Einen „promising young man.“ So nannte der Richter 2016 einen jungen Amerikaner, der eine Frau vergewaltigt hatte, bevor er ihn zu nur 6 Monaten Haft verurteilte. Genau an solche Männern möchte Cassie, die Protagonistin von Promising Young Woman, sich rächen. Regisseurin Emerald Fennell zeigt in ihrem Debüt die „Rape Culture“, die diese Aussage ermöglicht und was für langfristige Folgen das Trauma von sexueller Gewalt haben kann.

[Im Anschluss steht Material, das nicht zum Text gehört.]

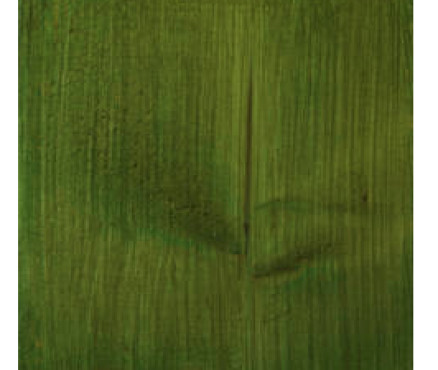 Χρωστική Πράσινο Ανοικτό (Kiwi) για 1,3κ Wood Premier - 50ml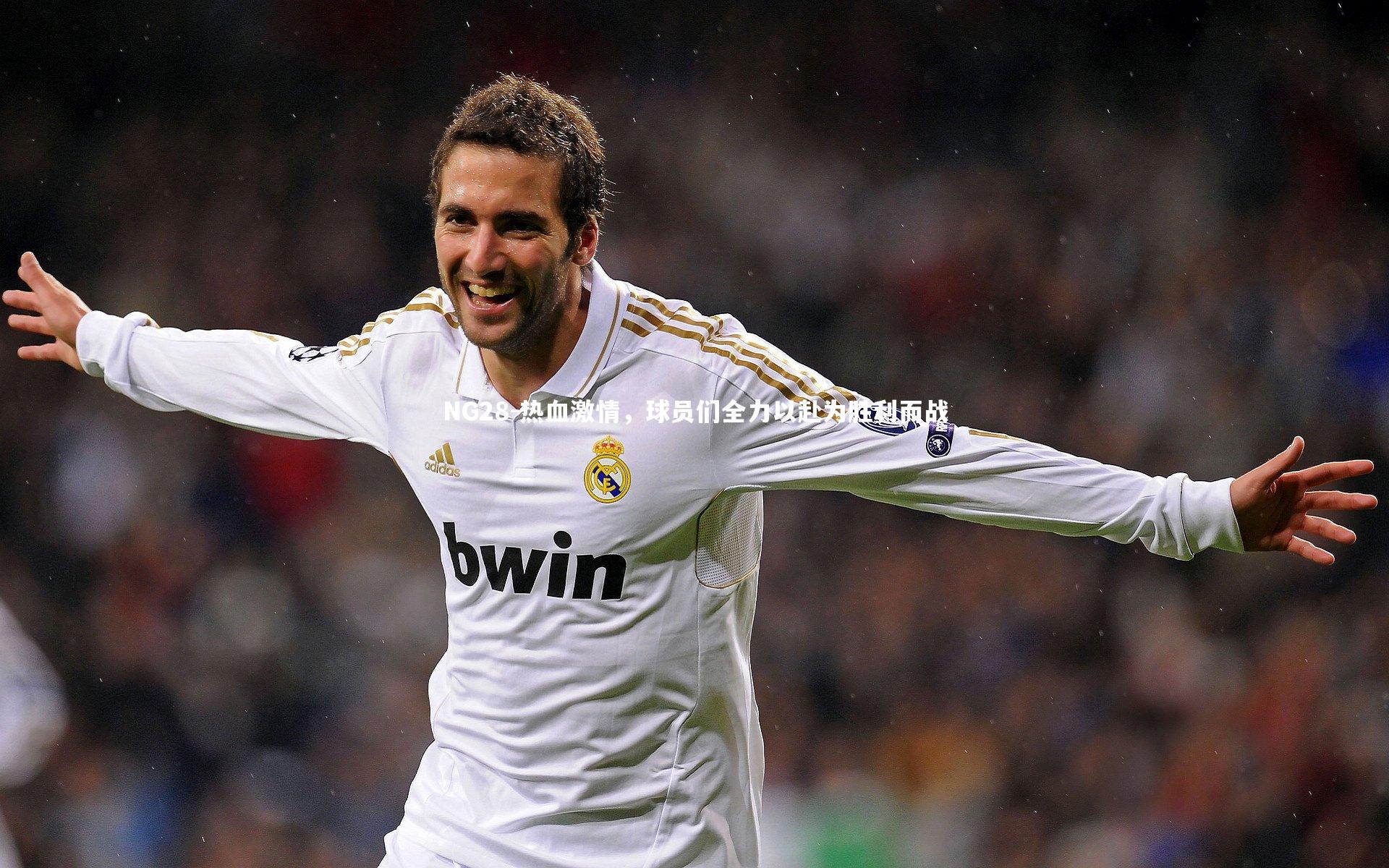 NG28-热血激情，球员们全力以赴为胜利而战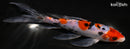 8" SANKE BUTTERFLY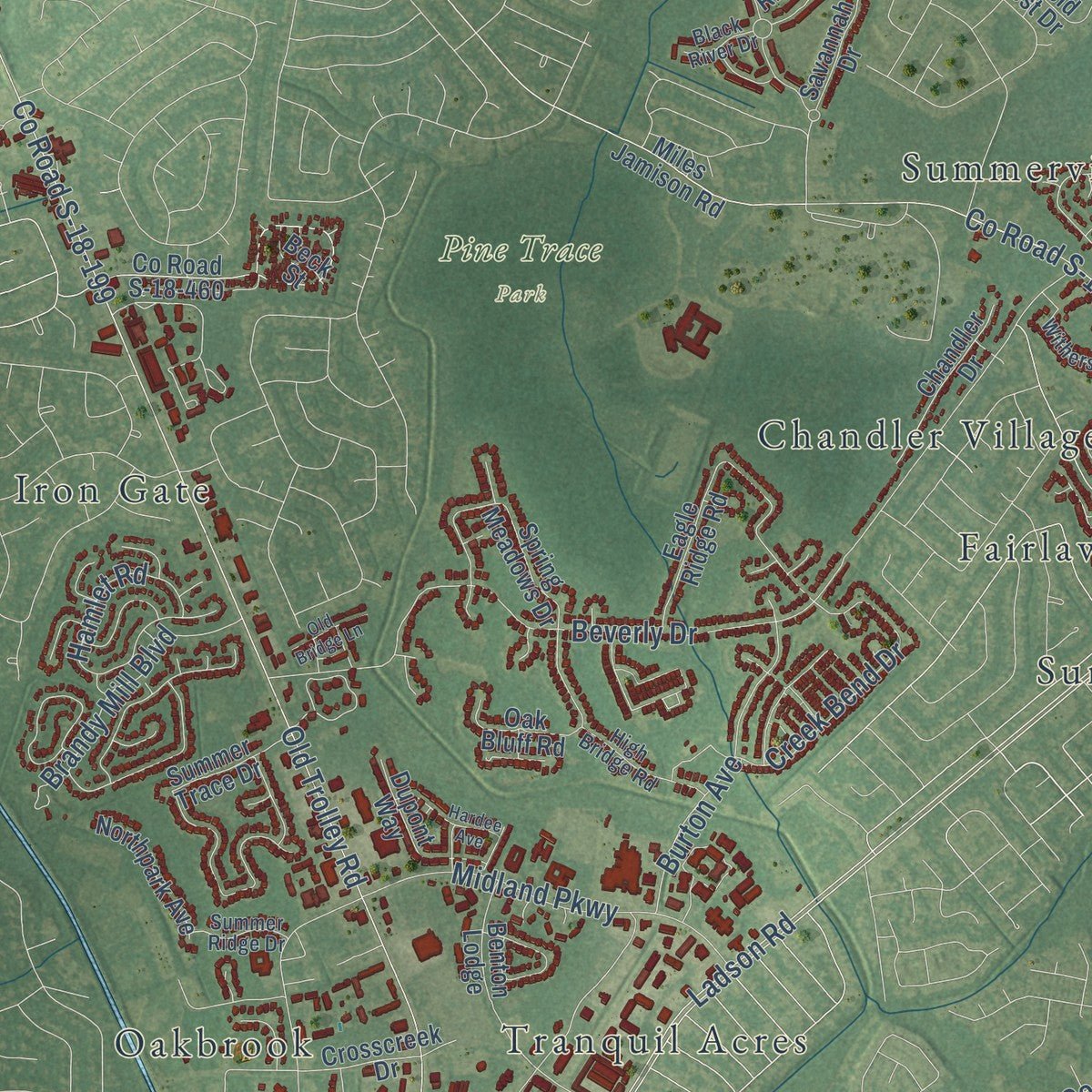 Second close-up of the map of Summerville, South Carolina print showing more streets and buildings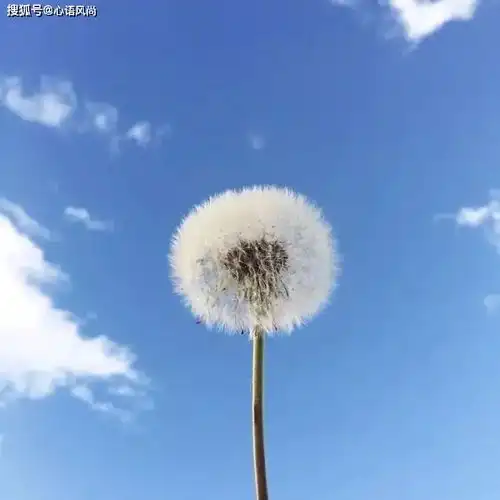 心态,决定你的一生
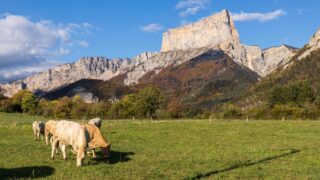 Six Autumn Escapes in France You Can Reach Without a Car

„Ich bin ein netter Kerl!“
Drei junge Männer stehen nach der Arbeit an der Bar, trinken Bier und führen nonchalant sexistischen Small Talk. Aus ihrem Augenwinkel bemerken sie eine junge Frau, die so betrunken ist, dass sie nicht mal mehr sitzen kann. Galant kommt einer der Männer zu ihr und bietet ihr seine Hilfe an- ein richtiger Gentleman. Oder? Nicht ganz. Sobald er die junge Frau in seine Wohnung gebracht hat, fängt er an sie gegen ihren Willen auszuziehen. Bis sie sich auf einmal komplett nüchtern aufsetzt und ihn mit seinen Taten konfrontiert. Die junge Frau ist Cassie und das ist ein typischer Abend für sie. Cassie geht in Clubs, tut so, als wäre sie komplett betrunken und lässt sich mitnehmen von angeblich „netten Kerlen“, die ausnahmslos übergriffig werden. Das Casting dieser Männer in Promising Young Women ist so herausragend wie beunruhigend. Die „netten Kerle“ werden gespielt von bekannten Gesichtern wie Adam Brody (O.C. California), Chris Lowell (Veronica Mars) oder Max Greenfield (New Girl), die auf den ersten Blick harmlos wirken und normalerweise wirklich nette Kerle spielen, sodass die Zuschauenden sie nicht sofort als Bedrohung wahrnehmen.
Rachefilm mal anders
Der Grund für Cassies Handeln ist ein traumatisches Ereignis aus ihrer Unizeit. Ihre beste Freundin Nina wurde vergewaltigt. Nachdem ihr keiner glaubte bzw. glauben wollte, hatte Nina sich umgebracht. Cassie, eine „vielversprechende“ junge Frau, brach ihr Studium ab und jobbt nun tagsüber als Barista. Nachts nimmt sie ihre persönliche Rache an den „netten Kerlen“, wie es Ninas Vergewaltiger auch einer war. Emerald Fennell spielt gekonnt mit den Erwartungen, die die Zuschauenden von Rachefilmen haben. Cassie wird zunächst nicht gewalttätig gegenüber den Männern, die sie konfrontiert. Auch Cassies Rolle als Racheengel ist bis zu einem gewissen Punkt subversiv. In typischen Rachefilmen dieser Art wird die Rache für eine Vergewaltigung oft von Männern, spezifisch von den Vätern der Opfer durchgeführt. (Taken, The Virgin Spring) Männer spielen keine unterstützende Rolle in Cassies Rachefeldzug. Sie alleine ist Ninas „Racheengel“ und verliert sich dabei selbst fast komplett. Ihre Taten werden immer extremer und grenzwertiger. Es gibt scheinbar keine moralischen Grenzen, die Cassie nicht bereit ist zu überschreiten. Carey Mulligan spielt die Komplexität und moralische Ambivalenz Cassies meisterhaft.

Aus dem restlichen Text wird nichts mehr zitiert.